Pros and Cons of Flexible-Fuel Vehicles
These vehicles have their advantages and drawbacks:
Choice of fuel
Less dependence on imported energy sources
Lower fuel economy
Limited availability of E85
Not eligible for a tax credit
The advantages of flexible-fuel vehicles include:
- Choice of fuel: As the name implies, an FFV empowers you to choose between using traditional gasoline and a gasoline-ethanol blend. If, for example, E85 prices are lower than gasoline in your area, you could save money. And when the blend is unavailable, you can fuel up with gas.
- Cleaner fumes: While FFVs still emit waste from the tailpipe, ethanol is a renewable fuel that burns cleaner than traditional gasoline does, reducing greenhouse gas emissions and keeping the air around you cleaner.
- Less dependence on imported energy sources: E85 also fuel helps achieve the goal of reducing our reliance on foreign oil while supporting the domestic economy by improving the condition of local farmers who grow the corn and sugarcane used to produce ethanol.
The negatives of flexible-fuel vehicles include:
- Lower fuel economy: Ethanol is a less-efficient source of fuel than traditional gasoline is; in other words, ethanol-laden fuel contains less usable energy for an equal amount of gas. Because of this, a flex-fuel vehicle running on a blended fuel like E85 is going to have a slightly lower gas mileage. Depending on E85 prices, you might have to pay more to travel a shorter distance when you opt for this fuel type.
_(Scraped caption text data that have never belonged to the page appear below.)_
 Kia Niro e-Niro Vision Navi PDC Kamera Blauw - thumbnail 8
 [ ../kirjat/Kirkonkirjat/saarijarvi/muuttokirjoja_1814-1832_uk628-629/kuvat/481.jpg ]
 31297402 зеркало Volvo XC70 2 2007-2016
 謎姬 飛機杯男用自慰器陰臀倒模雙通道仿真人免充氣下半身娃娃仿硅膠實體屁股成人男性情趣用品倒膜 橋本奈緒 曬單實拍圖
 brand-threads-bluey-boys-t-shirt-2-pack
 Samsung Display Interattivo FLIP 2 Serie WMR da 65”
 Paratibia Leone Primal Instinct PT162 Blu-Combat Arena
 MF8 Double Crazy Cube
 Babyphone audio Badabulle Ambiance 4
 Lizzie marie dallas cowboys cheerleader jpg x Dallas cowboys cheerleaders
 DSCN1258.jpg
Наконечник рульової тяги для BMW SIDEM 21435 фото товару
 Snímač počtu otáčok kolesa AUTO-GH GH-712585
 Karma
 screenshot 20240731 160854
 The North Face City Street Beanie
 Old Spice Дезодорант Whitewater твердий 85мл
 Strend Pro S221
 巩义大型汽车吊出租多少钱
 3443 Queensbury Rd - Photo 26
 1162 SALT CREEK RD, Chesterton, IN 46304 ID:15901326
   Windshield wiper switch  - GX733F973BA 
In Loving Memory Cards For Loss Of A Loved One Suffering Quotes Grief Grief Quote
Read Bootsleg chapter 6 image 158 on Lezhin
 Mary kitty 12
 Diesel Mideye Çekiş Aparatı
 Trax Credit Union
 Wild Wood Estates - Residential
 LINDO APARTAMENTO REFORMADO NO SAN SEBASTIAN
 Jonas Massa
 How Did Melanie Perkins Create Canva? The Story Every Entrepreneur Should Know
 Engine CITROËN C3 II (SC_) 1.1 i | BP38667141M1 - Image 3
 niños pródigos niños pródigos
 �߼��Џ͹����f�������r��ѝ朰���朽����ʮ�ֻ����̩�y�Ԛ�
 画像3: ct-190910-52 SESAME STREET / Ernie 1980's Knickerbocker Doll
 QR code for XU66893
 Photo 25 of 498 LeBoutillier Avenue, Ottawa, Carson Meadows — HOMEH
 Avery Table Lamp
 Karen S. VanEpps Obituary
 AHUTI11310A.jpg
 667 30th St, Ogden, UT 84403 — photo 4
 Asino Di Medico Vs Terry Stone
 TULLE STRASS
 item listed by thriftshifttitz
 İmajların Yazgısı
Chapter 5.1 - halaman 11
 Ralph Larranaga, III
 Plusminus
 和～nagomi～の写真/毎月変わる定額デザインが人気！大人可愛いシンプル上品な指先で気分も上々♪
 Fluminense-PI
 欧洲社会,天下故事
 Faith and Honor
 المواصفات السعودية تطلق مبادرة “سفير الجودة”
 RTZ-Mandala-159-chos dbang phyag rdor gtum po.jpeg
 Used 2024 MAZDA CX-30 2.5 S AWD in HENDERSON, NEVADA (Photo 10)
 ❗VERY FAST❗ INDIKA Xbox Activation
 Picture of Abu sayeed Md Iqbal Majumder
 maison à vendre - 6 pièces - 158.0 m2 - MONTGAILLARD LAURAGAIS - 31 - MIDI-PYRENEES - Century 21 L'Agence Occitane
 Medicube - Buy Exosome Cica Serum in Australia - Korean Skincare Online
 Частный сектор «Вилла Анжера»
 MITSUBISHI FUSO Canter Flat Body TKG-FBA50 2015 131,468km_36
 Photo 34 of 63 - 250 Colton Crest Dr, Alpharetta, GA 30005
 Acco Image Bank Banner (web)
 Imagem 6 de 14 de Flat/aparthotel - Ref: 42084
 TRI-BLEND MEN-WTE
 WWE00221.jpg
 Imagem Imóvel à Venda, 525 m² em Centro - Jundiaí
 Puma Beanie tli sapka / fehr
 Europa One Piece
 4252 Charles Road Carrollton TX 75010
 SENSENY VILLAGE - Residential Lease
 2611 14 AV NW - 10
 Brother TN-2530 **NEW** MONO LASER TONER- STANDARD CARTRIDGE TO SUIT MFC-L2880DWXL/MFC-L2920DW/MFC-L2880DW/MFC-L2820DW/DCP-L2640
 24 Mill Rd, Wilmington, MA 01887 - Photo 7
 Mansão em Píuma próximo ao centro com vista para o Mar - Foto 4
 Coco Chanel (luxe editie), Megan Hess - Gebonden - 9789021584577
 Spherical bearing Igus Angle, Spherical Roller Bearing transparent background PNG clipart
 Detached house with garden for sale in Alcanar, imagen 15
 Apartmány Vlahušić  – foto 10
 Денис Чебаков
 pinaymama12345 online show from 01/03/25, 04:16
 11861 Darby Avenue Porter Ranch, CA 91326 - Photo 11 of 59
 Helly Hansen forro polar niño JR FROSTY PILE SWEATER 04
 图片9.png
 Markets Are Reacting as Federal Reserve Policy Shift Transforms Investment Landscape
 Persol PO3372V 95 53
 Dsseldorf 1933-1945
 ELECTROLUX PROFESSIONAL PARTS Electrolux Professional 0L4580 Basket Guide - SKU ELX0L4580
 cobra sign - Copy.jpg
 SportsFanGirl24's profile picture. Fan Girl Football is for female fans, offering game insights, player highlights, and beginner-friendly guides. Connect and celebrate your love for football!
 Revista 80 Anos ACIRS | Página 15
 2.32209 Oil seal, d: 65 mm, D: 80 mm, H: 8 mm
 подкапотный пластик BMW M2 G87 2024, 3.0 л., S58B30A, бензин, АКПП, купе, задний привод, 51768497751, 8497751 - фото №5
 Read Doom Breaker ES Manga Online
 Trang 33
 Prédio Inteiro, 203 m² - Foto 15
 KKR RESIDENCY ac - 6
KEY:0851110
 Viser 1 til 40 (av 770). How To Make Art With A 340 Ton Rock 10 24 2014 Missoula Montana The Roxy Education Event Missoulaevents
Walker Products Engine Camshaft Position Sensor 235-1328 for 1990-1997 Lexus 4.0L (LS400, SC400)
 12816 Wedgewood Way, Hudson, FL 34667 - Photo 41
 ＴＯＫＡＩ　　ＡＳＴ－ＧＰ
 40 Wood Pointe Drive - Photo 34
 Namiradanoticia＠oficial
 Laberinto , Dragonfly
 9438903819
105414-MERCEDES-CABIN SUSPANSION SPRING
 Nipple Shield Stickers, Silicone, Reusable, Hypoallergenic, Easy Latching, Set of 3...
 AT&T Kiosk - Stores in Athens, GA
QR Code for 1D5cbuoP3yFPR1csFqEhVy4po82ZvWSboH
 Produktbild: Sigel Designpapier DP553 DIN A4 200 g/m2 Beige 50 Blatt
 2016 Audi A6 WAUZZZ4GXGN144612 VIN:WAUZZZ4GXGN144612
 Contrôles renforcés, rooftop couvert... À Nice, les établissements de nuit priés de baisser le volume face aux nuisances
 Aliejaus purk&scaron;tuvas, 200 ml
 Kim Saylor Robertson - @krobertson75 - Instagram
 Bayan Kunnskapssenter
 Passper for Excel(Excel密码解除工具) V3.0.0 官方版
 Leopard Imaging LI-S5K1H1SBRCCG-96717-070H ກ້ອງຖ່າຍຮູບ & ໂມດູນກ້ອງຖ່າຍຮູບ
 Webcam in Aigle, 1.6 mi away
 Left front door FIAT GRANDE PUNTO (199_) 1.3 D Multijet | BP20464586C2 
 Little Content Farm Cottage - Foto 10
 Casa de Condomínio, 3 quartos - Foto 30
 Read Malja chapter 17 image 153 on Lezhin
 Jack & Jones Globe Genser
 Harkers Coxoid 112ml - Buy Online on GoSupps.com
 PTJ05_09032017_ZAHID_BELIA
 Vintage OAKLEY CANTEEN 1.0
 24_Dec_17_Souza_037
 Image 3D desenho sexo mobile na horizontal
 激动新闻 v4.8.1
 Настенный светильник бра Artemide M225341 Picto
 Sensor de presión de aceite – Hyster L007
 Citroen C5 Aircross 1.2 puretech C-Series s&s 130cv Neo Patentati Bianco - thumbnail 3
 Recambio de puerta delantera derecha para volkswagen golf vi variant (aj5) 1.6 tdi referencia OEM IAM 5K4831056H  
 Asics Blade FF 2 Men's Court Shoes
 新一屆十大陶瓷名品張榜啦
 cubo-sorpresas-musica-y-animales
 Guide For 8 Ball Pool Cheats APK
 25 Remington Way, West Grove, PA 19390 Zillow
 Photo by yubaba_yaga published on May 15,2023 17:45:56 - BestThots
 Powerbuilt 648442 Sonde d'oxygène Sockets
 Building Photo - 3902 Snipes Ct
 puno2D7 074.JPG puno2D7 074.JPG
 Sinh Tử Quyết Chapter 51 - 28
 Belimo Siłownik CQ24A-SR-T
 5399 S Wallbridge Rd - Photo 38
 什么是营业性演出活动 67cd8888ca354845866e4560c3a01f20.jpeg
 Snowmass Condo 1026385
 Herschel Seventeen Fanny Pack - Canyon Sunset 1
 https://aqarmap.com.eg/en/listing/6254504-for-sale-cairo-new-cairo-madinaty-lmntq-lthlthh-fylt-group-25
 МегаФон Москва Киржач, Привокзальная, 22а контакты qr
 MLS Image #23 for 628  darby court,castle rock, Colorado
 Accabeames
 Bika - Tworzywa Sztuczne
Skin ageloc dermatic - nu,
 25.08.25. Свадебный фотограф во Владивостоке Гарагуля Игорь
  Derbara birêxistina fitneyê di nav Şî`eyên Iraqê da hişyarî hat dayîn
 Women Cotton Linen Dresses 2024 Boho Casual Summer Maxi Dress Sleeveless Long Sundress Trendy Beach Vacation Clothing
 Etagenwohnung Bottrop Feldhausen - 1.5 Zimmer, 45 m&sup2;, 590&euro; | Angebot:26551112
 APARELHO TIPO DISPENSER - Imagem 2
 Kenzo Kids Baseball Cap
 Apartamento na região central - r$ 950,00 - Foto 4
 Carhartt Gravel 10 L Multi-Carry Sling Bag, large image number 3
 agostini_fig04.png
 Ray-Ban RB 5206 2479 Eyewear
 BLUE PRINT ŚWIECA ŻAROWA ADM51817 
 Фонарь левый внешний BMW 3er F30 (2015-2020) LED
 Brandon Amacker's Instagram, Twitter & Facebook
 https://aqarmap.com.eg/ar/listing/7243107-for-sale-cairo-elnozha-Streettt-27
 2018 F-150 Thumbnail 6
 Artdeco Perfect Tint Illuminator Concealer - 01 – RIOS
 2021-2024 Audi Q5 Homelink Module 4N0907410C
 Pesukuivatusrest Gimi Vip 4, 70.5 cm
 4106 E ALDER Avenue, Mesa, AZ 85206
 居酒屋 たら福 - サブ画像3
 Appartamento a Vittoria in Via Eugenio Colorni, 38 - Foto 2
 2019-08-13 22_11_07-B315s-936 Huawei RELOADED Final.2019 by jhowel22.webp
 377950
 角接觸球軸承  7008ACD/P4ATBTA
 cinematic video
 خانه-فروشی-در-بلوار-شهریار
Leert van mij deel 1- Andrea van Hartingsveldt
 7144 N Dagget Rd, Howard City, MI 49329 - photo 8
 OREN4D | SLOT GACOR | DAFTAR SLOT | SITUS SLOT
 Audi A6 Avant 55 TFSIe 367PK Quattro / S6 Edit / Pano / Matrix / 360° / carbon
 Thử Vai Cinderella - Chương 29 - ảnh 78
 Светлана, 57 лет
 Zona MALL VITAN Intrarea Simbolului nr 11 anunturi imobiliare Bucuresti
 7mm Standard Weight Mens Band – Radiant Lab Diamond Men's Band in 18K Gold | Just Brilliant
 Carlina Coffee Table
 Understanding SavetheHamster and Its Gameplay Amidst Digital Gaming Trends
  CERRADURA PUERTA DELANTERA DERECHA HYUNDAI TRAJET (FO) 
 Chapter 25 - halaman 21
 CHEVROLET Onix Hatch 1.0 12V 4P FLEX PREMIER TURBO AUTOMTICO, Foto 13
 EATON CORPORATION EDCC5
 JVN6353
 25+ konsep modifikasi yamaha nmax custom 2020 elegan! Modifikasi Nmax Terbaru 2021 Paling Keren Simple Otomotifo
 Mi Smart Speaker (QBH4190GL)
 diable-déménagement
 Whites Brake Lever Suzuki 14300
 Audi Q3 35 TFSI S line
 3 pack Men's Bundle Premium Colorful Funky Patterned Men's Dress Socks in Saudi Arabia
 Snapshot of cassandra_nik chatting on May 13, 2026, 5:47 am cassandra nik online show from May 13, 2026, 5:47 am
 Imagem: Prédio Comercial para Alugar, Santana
- Limited availability of E85: E85 is sold at more than 2,500 stations in the U.S., but it may not be offered at your local pump. If that's the case, you'll have an FFV but won't be able to take advantage of its environmental and fuel cost benefits.
- Not eligible for a tax credit: Currently, the Internal Revenue Service only offers a tax credit for consumers on qualified plug-in electric vehicles.
How Much Do Flexible-Fuel Vehicles Cost?
An FFV doesn’t necessarily cost more than any other type of vehicle. The U.S. Department of Energy offers a list of the various FFVs on the market. Among 2020 models are the Chevrolet Impala, Ford Explorer, and GMC Yukon. While costs may differ by dealership and location, Kelly Blue Book might put the MSRP of these new vehicles at $32,495, $34,010, and $50,895, respectively.
That said, the costs of driving your car will also depend on your choice of fuel, as well as car maintenance costs. Your location can have an impact on fuel cost, as can the state of the global oil market and the yield of corn and sugarcane crops in recent years. E85 is typically cheaper per gallon than regular gasoline but more expensive per mile. E85 costs an average of $2.31 per gallon in the U.S. as of June 2021, compared to $3.65 for regular gasoline (E0).
Do the math and figure out whether it makes sense for your budget to fuel with E85. For example, if you estimate that you lose 25% of your fuel efficiency on E85, and regular gasoline is $2.50 a gallon at the station, consider fueling your car with E85 only if's priced at $1.88 per gallon or less.
Lastly, choosing to drive a flexible-fuel vehicle will not necessarily increase or decrease your car insurance premium. Of course, the type of vehicle itself might: A sporty model is going to be more costly to insure in general, whether fueled by traditional gas or a gasoline-ethanol blend.
- A flexible-fuel vehicle can run on gasoline or a gasoline-ethanol blend containing up to 85% ethanol.
- It performs as gasoline-powered cars do and may be visibly distinguishable from one only by its gas cap color or FFV-affiliated labels or badges on the vehicle.
- It offers an eco-friendly alternative to a traditional gasoline-only vehicle that can save on fuel costs per gallon but can slightly reduce fuel economy.
- You should factor in the cost of the vehicle, fuel, and maintenance to determine if an FFV fits into your budget.